Bild: Der Philosoph Enrique Dussel (1934–2023)​ war zentraler Stichwortgebe…
Es ist nur ein winziges, aber schönes Detail in einer beeindruckenden Vita
mit zwei Doktortiteln und verschiedenen Professuren: Zu Beginn seiner
Laufbahn arbeitete der spätere Philosoph Enrique Dussel einmal als
Zimmermann in Nazareth. Das war Ende der 1950er Jahre und für den späteren
Professor für Theologie und Kirchengeschichte sicherlich eine Praxis von
nicht geringer Symbolkraft.
Dussel war einer der bedeutendsten Intellektuellen Lateinamerikas. In
Argentinien geboren, lebte und lehrte er ab den 1970er Jahren in Mexiko.

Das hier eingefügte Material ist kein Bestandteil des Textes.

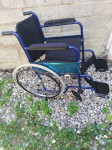 Zložljiv invalidski voziček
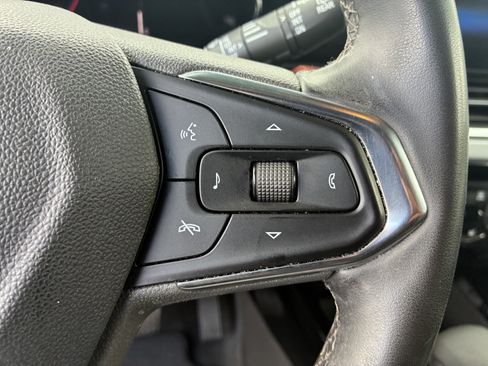 Used 2025 Chevrolet Trax LT w/ Driver Confidence Package FWD image 28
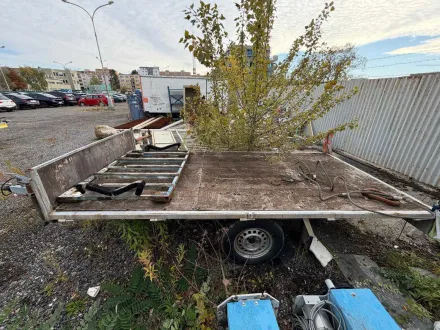 Verschiedene Lkw-Anhänger – RESALE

Mit seinen über dreißig Büchern beeinflusste er Debatten um linke Theorie
und Praxis über Generationen hinweg. Er gehörte in den 1960er Jahren der
[1][Befreiungstheologie] an und wurde in den letzten zwei Jahrzehnten zu
einem der zentralen Stichwortgeber dekolonialistischer Theorie.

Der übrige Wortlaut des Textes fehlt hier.